A review of almost 400 reinsurance contracts underwritten at Lloyd’s of London has revealed potentially significant vulnerabilities and exposures if a catastrophic cyber attack should occur.
Analysis of 392 property and casualty reinsurance policies underwritten by a trio of reinsurers at Lloyd’s revealed at least 40 percent did not contain a standard cyber exclusion in the wording, with one of the portfolios containing no reference to cyber terms in 68 percent of cases, according to Adsensa, the Newbury, England-headquartered firm, which specializes in document analysis and decision support, identifying embedded risks in policy wordings.
“The upshot is that in the event of a catastrophic cyber-attack, reinsurers could find themselves exposed to the full limits on their policies which were originally intended to cover property damage or casualty lines because a cyber ‘hack’ is found to be the proximate cause of loss,” said the company in a statement.

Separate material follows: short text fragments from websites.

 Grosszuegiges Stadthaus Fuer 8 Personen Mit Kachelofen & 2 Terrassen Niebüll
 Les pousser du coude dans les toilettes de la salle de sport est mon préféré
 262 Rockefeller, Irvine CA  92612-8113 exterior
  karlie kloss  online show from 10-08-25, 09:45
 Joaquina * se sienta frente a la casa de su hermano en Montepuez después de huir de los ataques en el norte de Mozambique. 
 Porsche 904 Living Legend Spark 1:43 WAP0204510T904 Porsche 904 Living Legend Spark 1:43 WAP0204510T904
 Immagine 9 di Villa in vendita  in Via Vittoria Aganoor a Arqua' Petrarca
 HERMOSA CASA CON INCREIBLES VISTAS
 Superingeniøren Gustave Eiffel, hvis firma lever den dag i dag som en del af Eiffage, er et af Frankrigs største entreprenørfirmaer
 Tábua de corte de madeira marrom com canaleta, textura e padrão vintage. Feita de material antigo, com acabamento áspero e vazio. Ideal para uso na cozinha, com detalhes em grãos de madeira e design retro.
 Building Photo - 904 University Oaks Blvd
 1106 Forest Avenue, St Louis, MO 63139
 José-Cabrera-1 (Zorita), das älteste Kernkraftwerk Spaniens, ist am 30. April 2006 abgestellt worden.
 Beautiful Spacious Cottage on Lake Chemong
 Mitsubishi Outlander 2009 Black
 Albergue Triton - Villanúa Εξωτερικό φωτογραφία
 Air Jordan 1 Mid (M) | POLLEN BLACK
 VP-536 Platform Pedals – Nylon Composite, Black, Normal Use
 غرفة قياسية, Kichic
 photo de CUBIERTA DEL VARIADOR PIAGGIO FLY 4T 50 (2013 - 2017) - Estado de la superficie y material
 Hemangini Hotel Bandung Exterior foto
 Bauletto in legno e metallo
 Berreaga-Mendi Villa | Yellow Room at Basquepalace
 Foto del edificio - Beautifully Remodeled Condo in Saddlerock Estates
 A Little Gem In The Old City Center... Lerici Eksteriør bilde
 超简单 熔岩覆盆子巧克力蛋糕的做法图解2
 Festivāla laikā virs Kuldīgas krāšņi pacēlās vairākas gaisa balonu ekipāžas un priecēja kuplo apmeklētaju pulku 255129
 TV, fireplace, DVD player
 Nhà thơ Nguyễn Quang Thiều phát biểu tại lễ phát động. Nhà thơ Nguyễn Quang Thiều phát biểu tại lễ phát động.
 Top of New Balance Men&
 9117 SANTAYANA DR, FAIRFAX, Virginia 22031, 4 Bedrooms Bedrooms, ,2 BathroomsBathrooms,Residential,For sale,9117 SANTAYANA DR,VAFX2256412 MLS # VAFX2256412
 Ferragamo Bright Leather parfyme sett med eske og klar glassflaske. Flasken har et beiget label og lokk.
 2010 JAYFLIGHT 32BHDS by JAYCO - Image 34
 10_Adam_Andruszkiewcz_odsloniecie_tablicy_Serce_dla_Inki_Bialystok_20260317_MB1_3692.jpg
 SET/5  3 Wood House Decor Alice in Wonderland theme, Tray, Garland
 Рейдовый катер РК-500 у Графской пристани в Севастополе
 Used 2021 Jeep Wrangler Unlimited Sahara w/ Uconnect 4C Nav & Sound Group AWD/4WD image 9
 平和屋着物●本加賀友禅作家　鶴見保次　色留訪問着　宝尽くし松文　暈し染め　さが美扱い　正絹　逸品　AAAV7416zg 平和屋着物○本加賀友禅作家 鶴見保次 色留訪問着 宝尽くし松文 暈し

“These data are quite revealing, particularly as they follow the Lloyd’s Performance Management Directorate’s recent call for members to work within its ‘Oversight Framework for Cyber-Attack Exposure Monitoring,” says Laurie Davison, CEO at Adsensa.
“We used our QA Software to analyze the reinsurance contracts from three managing agents and found that as many as two thirds had no reference to cyber terms at all,” Davison added. (The names of the managing agents were not identified.)
“This was quite a surprise, and I imagine very different to how many in the market perceive things,” she said. “There are at least 20 standard market clause references to choose from and it seems that most would expect their policies to contain the appropriate exclusions so they are not covering unintended perils.”
In its statement, Adsensa noted that modeling company Risk Management Solutions provided a range of cyber catastrophe scenarios in their recent paper “Managing Insurance Accumulation Risk.” These scenarios “included mass coordinated data breaches and distributed denial of service (DDoS) attacks on a biblical scale, causing amongst other things, a global collapse in consumer confidence or the theft of billions in assets from financial institutions,” the company continued.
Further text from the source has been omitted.